▶ **INPUT DATA**
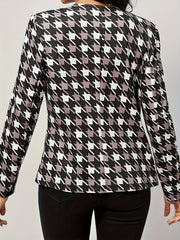  Houndstooth Print Open Front Blazer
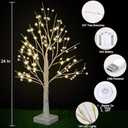 144 LED Artificial Lamp with Timer, DIY Birch Tree with Lights, USB/Battery Powered, Fairy Light Spirit Tree for Table Home Wedding Bedroom Christmas (Warm White) (2ft)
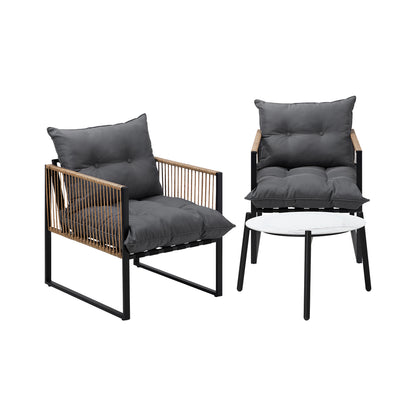 3PCS Outdoor Patio Set 50cm & 70cm Coffee Table Rattan Chairs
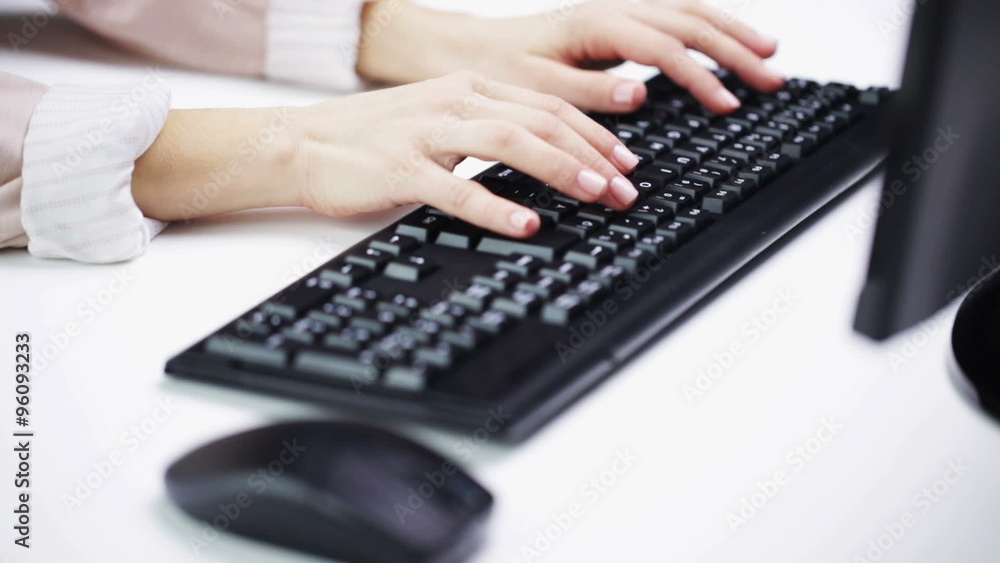 woman hands typing on computer keyboard at office woman hands typing on computer keyboard at office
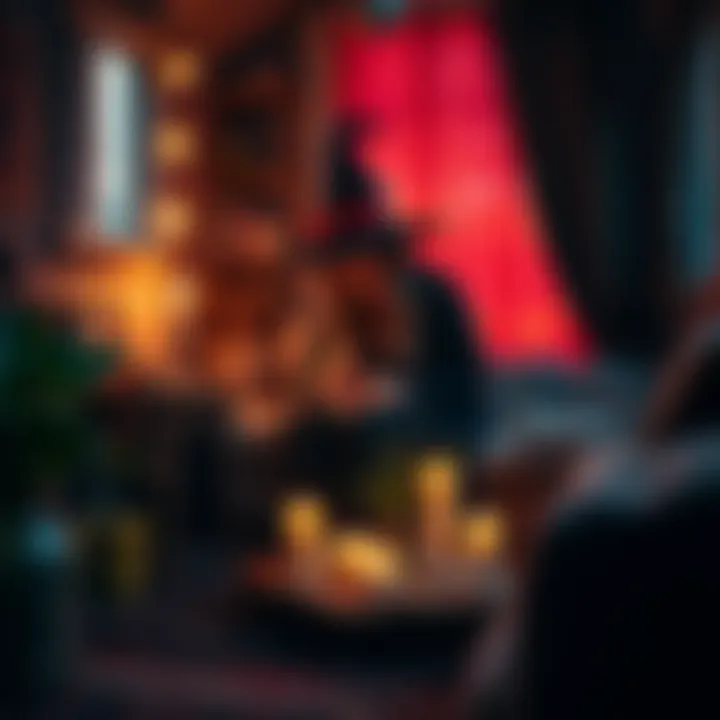 A city witch performs a ritual in a cozy apartment, surrounded by candles and herbs, showcasing how to adapt traditions in limited space.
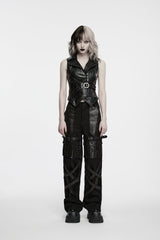 Black Patchwork Eyelet Women's Punk Cool Straight-leg Pants With Multi Pocket - Product - 2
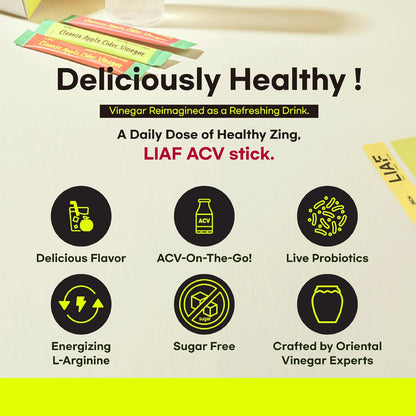 LIAF Apple Cider Vinegar Powder Drink Mix with the Mother – 10 Packets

▶ **TO DO**
An exact reprint of the records above is required, with all pictures left out.

▶ **RESPONSE TO THE EXERCISE**
  Houndstooth Print Open Front Blazer
 144 LED Artificial Lamp with Timer, DIY Birch Tree with Lights, USB/Battery Powered, Fairy Light Spirit Tree for Table Home Wedding Bedroom Christmas (Warm White) (2ft)
 3PCS Outdoor Patio Set 50cm & 70cm Coffee Table Rattan Chairs
 woman hands typing on computer keyboard at office woman hands typing on computer keyboard at office
 A city witch performs a ritual in a cozy apartment, surrounded by candles and herbs, showcasing how to adapt traditions in limited space.
 Black Patchwork Eyelet Women's Punk Cool Straight-leg Pants With Multi Pocket - Product - 2
 LIAF Apple Cider Vinegar Powder Drink Mix with the Mother – 10 Packets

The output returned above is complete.